Your goal:
Could you transcribe exactly the lines from the one containing "Conor mcintyre 04399" through the last line of the records below, leaving out the pictures?
┌─ Supplied material
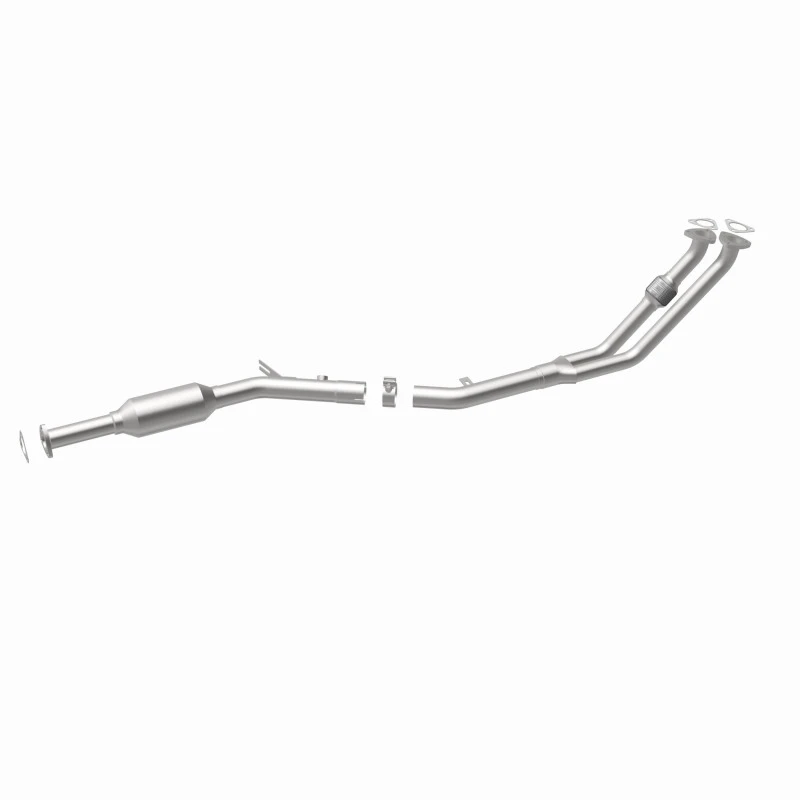 magnaflow_23553-6793a246c3824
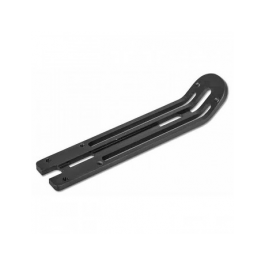 Montaje Luz de Señal QR X800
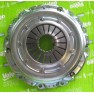Clutch kit with bearing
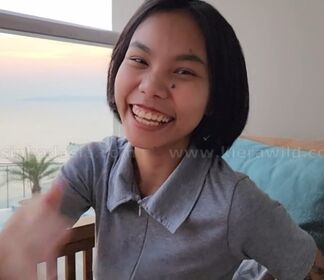 sinbadasia Naken läcka OnlyFans foto 160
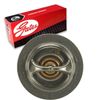 Gates Engine Coolant Thermostat For 2011-2023 Ford F-150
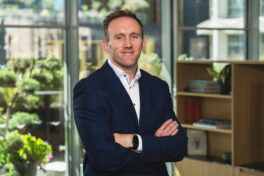 Conor mcintyre 04399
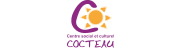 CENTRE SOCIAL COCTEAU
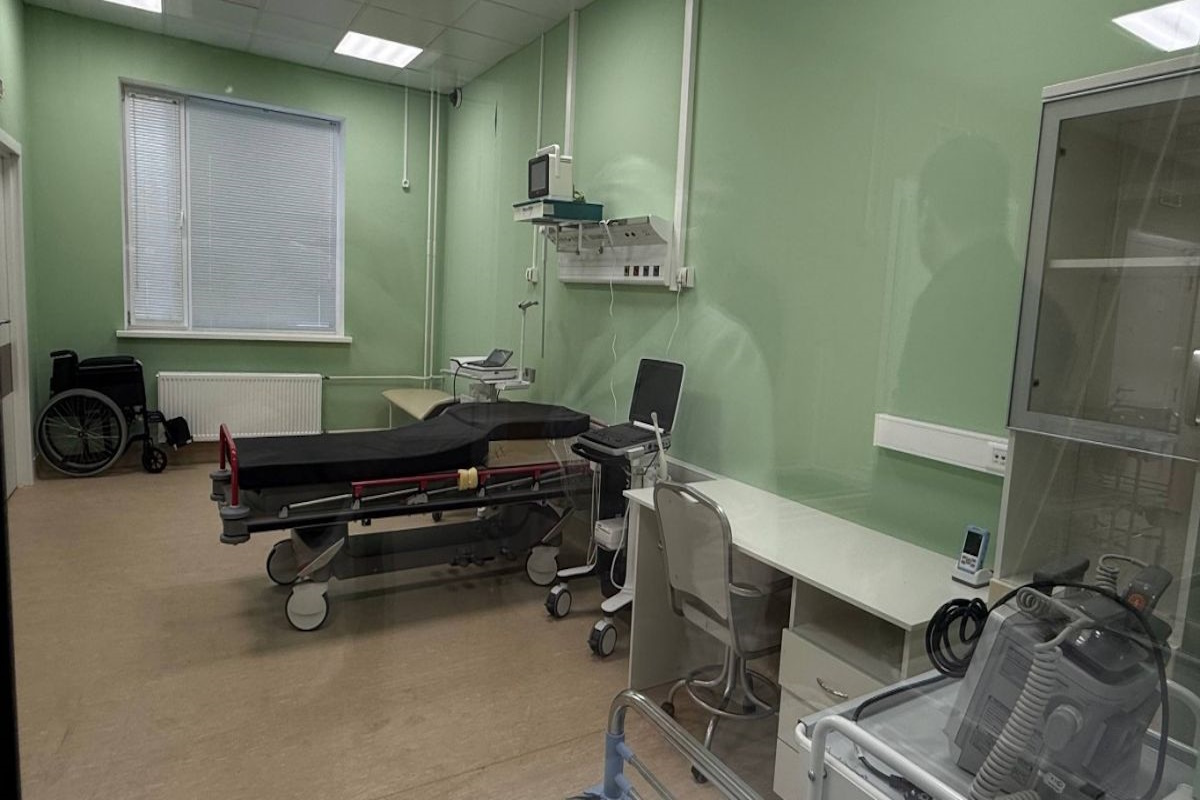    Фото: страница ВК Владимира Куимова, источник: myseldon.com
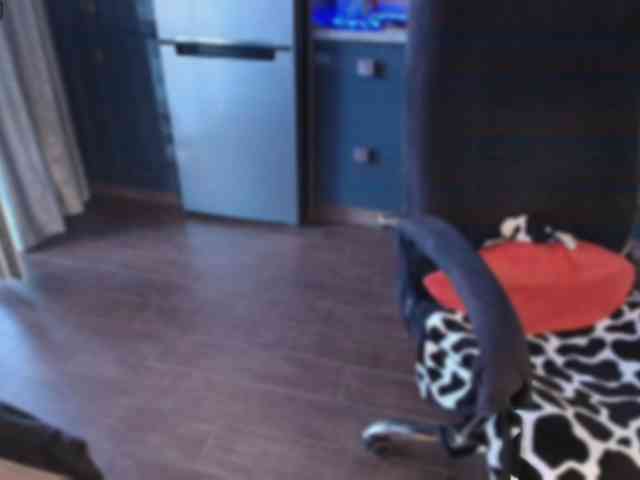 RedCandy_ webcam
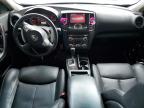 NISSAN MAXIMA S photo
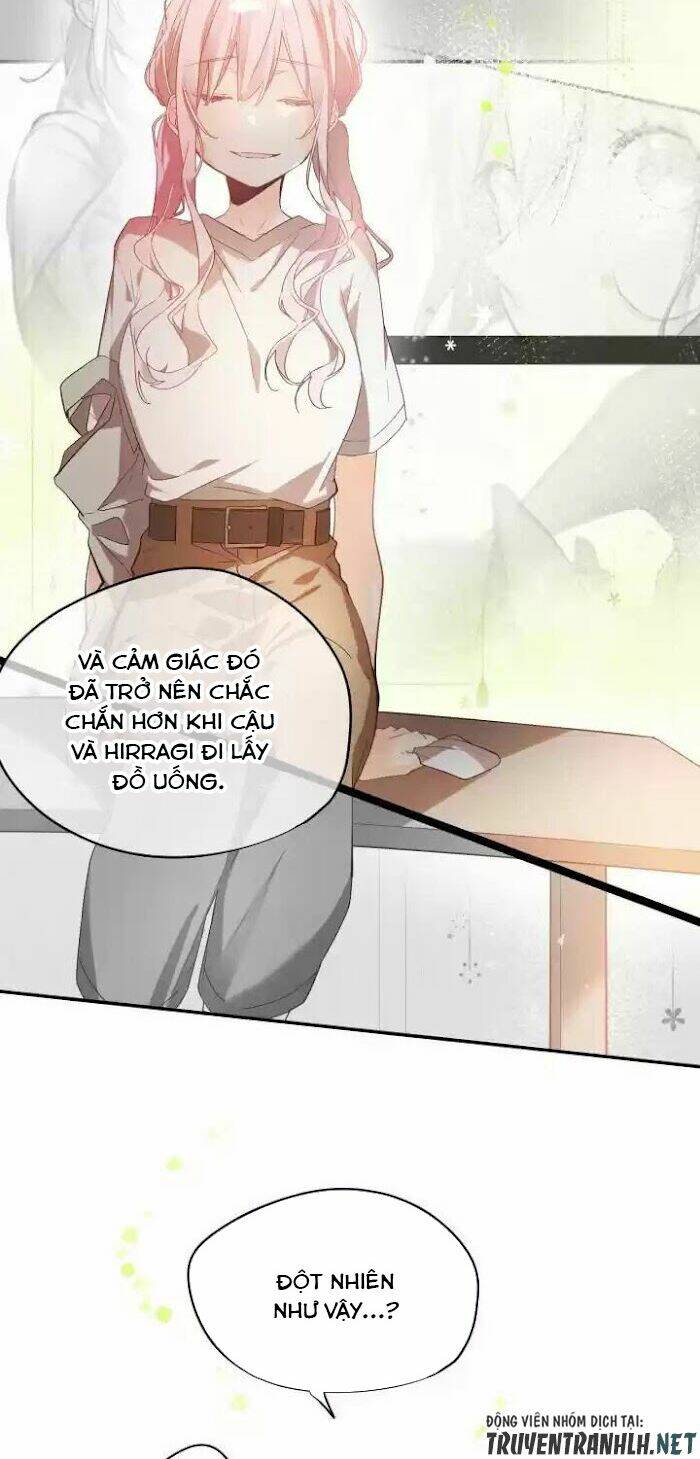 Chương 19 - Trang 7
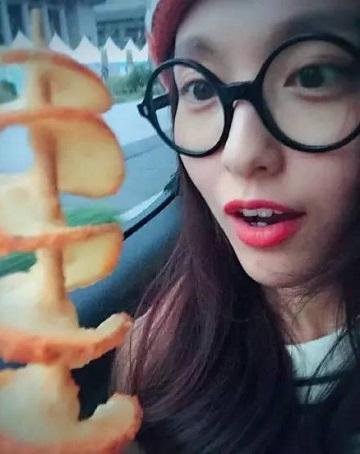 娛樂吃瓜醬女生被拐,揭秘女生被拐背后的驚人真相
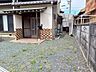 駐車場：駐車場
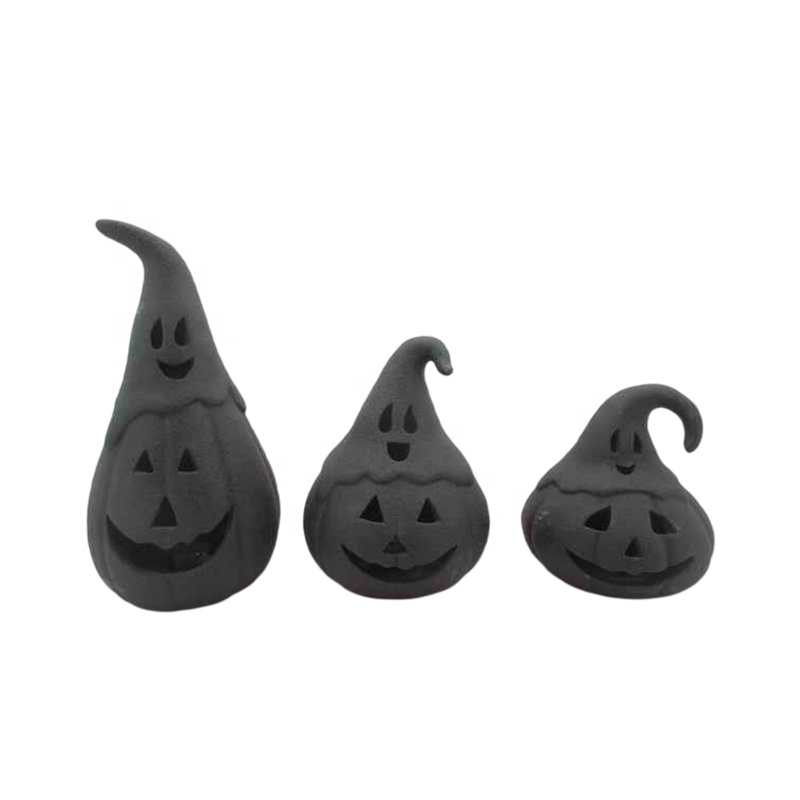 rcnAVMq9XyqY9h0HUy1_338367094205_append_CHAIN_mp4_264_ld_aliyun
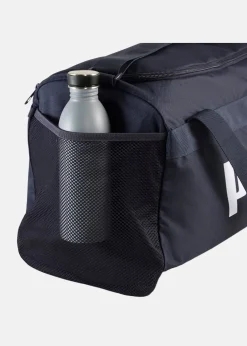 PUMA CHALLENGER Small Sports B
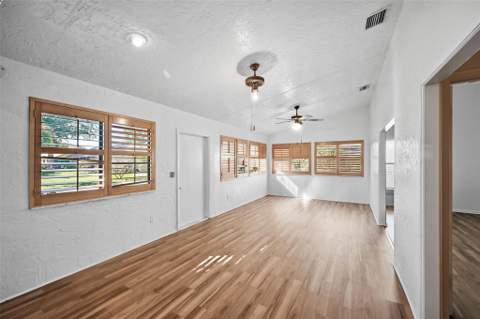 2495 NW 14th Street, Delray Beach FL - photo 20 of 41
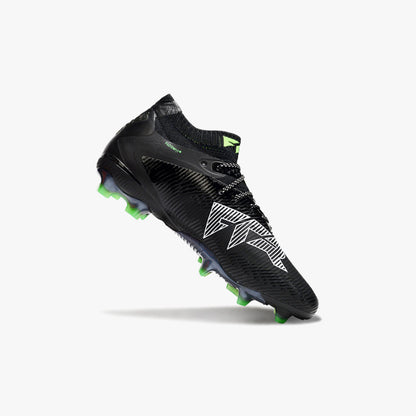 Firm Ground Soccer Cleats Puma Future 8 Ultimate FG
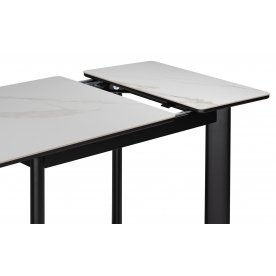 Керамический стол Кина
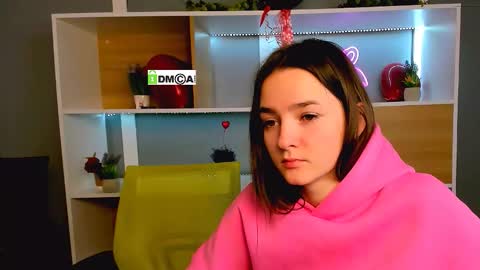 lole ti online show from February 19, 2026, 5:58 am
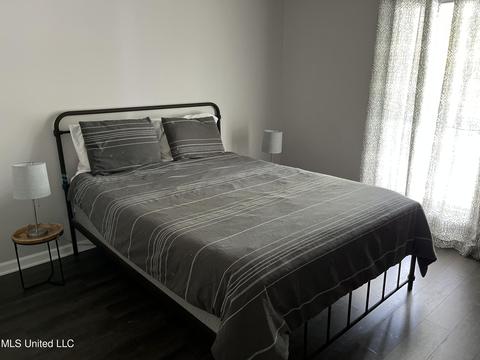 810 Bridgeport Dr, Madison, MS 39110 photo 20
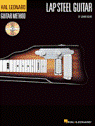 LAP STEEL GUITAR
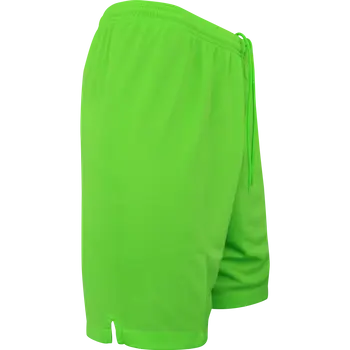 Nike Promo GK-Shorts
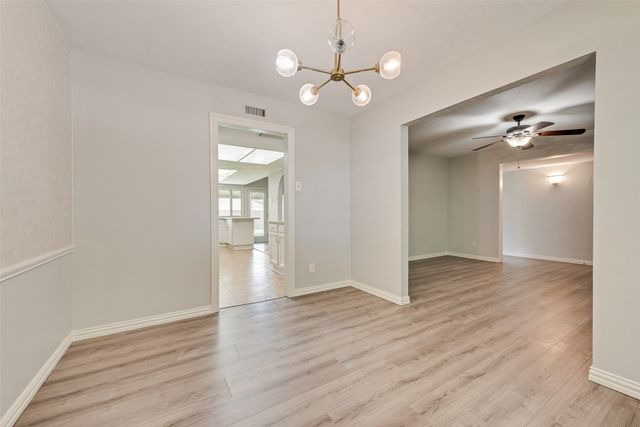 936 Mossvine Drive, Plano, TX 75023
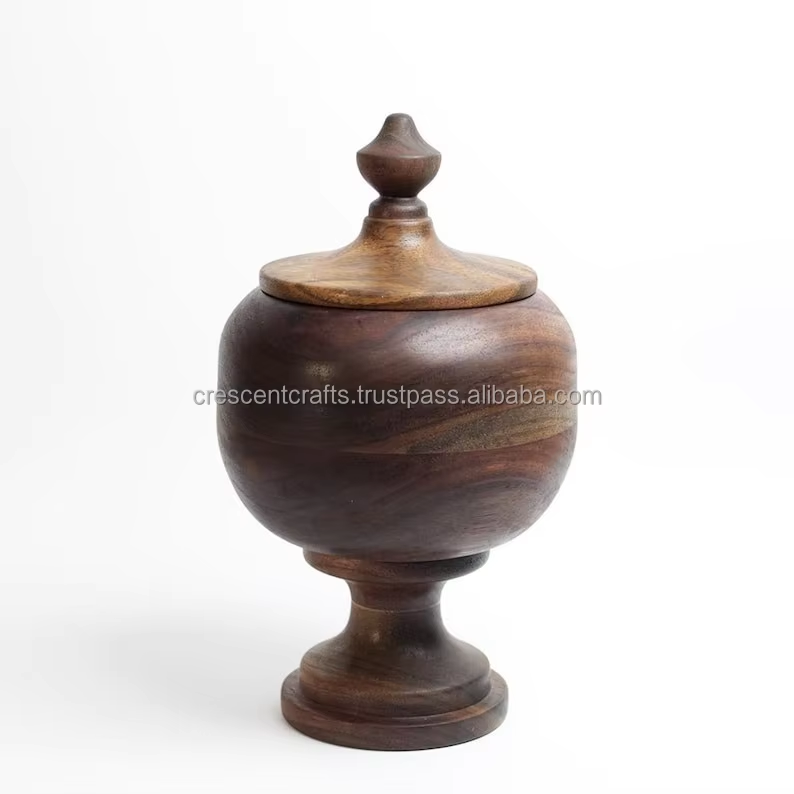 กำหนดเอง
└─
Reply:
 Conor mcintyre 04399
 CENTRE SOCIAL COCTEAU
    Фото: страница ВК Владимира Куимова, источник: myseldon.com
 RedCandy_ webcam
 NISSAN MAXIMA S photo
 Chương 19 - Trang 7
 娛樂吃瓜醬女生被拐,揭秘女生被拐背后的驚人真相
 駐車場：駐車場
 rcnAVMq9XyqY9h0HUy1_338367094205_append_CHAIN_mp4_264_ld_aliyun
 PUMA CHALLENGER Small Sports B
 2495 NW 14th Street, Delray Beach FL - photo 20 of 41
 Firm Ground Soccer Cleats Puma Future 8 Ultimate FG
 Керамический стол Кина
 lole ti online show from February 19, 2026, 5:58 am
 810 Bridgeport Dr, Madison, MS 39110 photo 20
 LAP STEEL GUITAR
 Nike Promo GK-Shorts
 936 Mossvine Drive, Plano, TX 75023
 กำหนดเอง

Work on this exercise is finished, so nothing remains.